Ma è veramente così, senza voler intaccare la libertà di come utilizzare il proprio tempo? Qui non si vogliono condannare le scelte personali su come organizzare la giornata, ma affermare con serenità che al di sopra di ogni gesto c’è una verità che precede ogni cosa. Una verità che libera l’uomo da ogni sua angoscia e che non può essere tradotta secondo i propri schemi mentali . Non a caso oggi la si vorrebbe gestire in un modo del tutto riservato, fino al punto di confondere il vangelo con dei riferimenti di sapore relativistico, ampiamente legati ad un Dio privato da collocare persino nell’alveo della Chiesa. Si confonde l’abito che consente di accedere al banchetto nuziale, con quello che si utilizza per ogni “faccenda” sporca o pulita che sia. I diritti così si riflettono in una espressione di maggioranza e non nello specchio del valore ontologico della natura.

La società odierna purtroppo spinge in quest’ultima direzione, offrendo un vangelo truccato e tradotto secondo le sensazioni in voga, dettate da comportamenti sociali e politici proiettati solo ad un consenso fine a sé stesso. Vivere nella Chiesa è propedeutico nell’indossare l’abito nuziale che trae tutto il suo splendore dal Vangelo in ogni sua Parola e in ogni sua verità. Se il vangelo viene distorto dalle mille teorie in campo o “per spirito di semplicioneria e dabbenaggine o per totale carenza scientifica e teologica, filosofica e morale, antropologica e spirituale”, l’abito indossato è tutt’altra cosa e i risultati che vediamo di continuo dinnanzi a noi ne sono la chiara conferma. Il pericolo non sta quindi nella libertà di scegliere, ma nel confondere la verità con tante sensazioni pilotate.
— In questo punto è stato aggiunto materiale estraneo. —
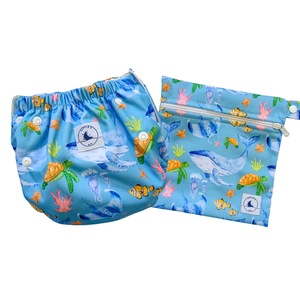 Reusable Swim Nappy & Mini Wet Bag Combo ~ Ocean
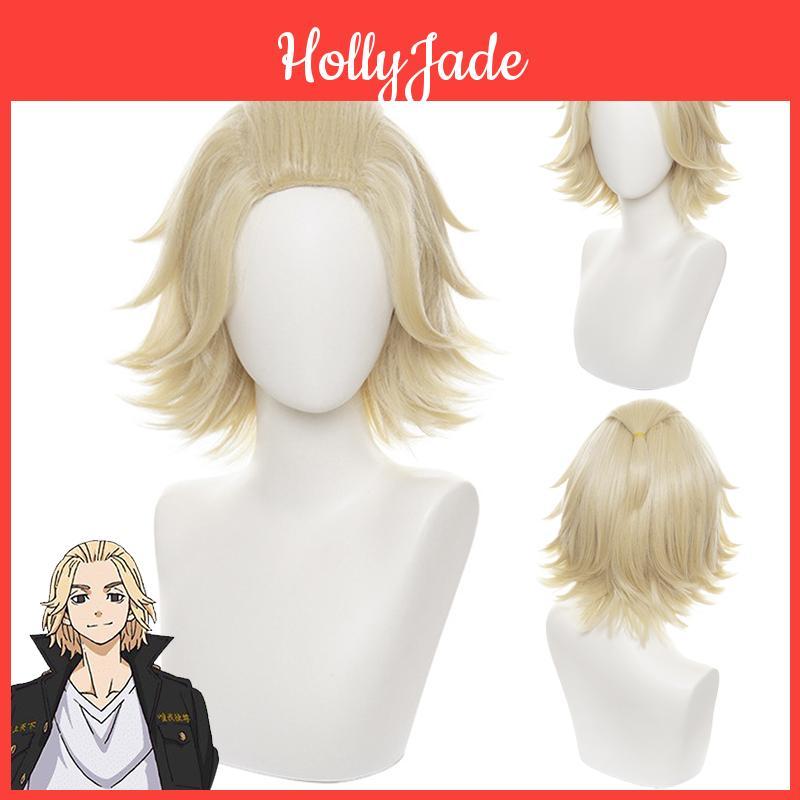 Tokyo Revengers Sano Manjiro Mikey Golden Hairpiece Cosplay Wig For Halloween Carnival Props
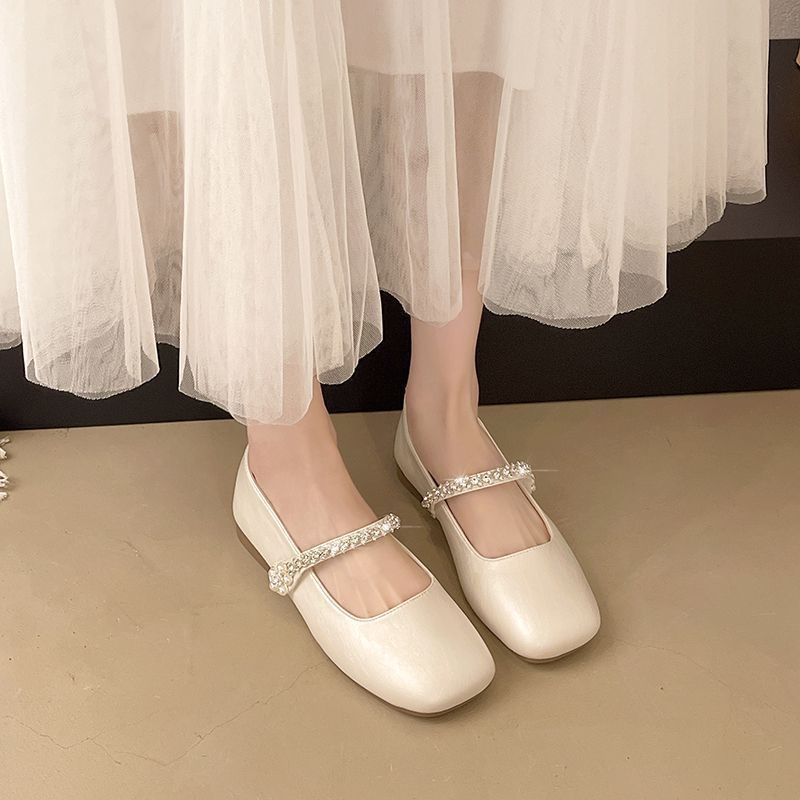 With skirt French flat-soled single shoes women's 2025 summer new temperament square head soft sole rhinestone Velcro Mary Jane shoes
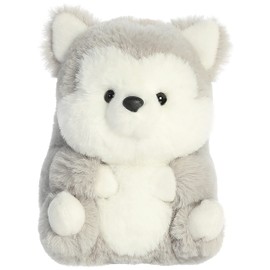 Aurora® Round Rolly Pet™ Hampshire Husky™ Stuffed Animal - Adorable Companions - On-The-Go Fun - Gray 5 Inches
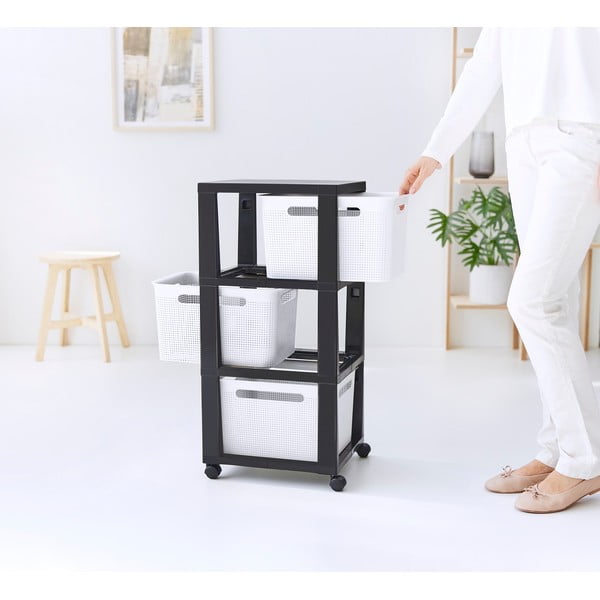 Valge/mustast plastist liikuv riiul 30x77 cm Brisen - Rotho-image-1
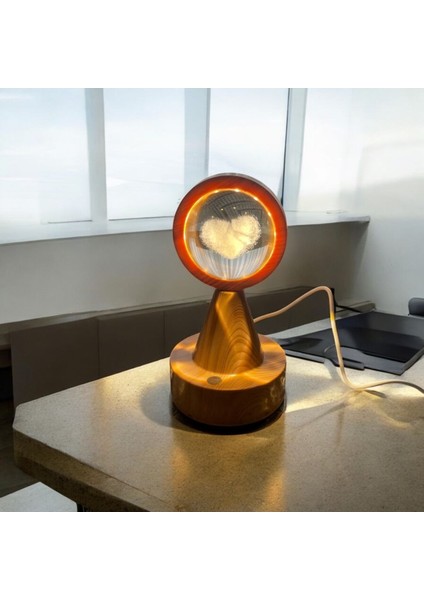 Kişiye Özel Ahşap Kalp Figürlü LED Gece Lambası, Romantik ve Sıcak Atmosfer Yaratır fiyatları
In proposito una riflessione dal portale: http://homilyvoice.it/public/TT/2018.01/06G.htm :

“Se l’abito del Vangelo è uguale ad ogni altro abito, se la Parola di Cristo è uguale ad ogni altra parola, se l’Eucaristia è uguale ad ogni altro pezzo di pane, se il battesimo è uguale ad ogni altra ritualità religiosa, se il sacerdozio ministeriale è uguale in tutto al sacerdozio battesimale, è evidente che qualcosa non funziona più nella Chiesa. O chi trasmette la Parola non ritiene più fare differenza tra la sua Parola e la parola di ogni altro uomo, oppure si deve pensare che chi recepisce la Parola, diabolicamente la trasforma per un suo vantaggio personale, per apparire persona moderna, aperta al mondo, libera nei pensieri e nelle idee, favorevole a qualsiasi dottrina, senza dare ad essa nessuna connotazione morale”. Un quadro che strappa il vero abito nuziale e lascia il banchetto della vita alla mercé di un deleterio pressapochismo spirituale e materiale.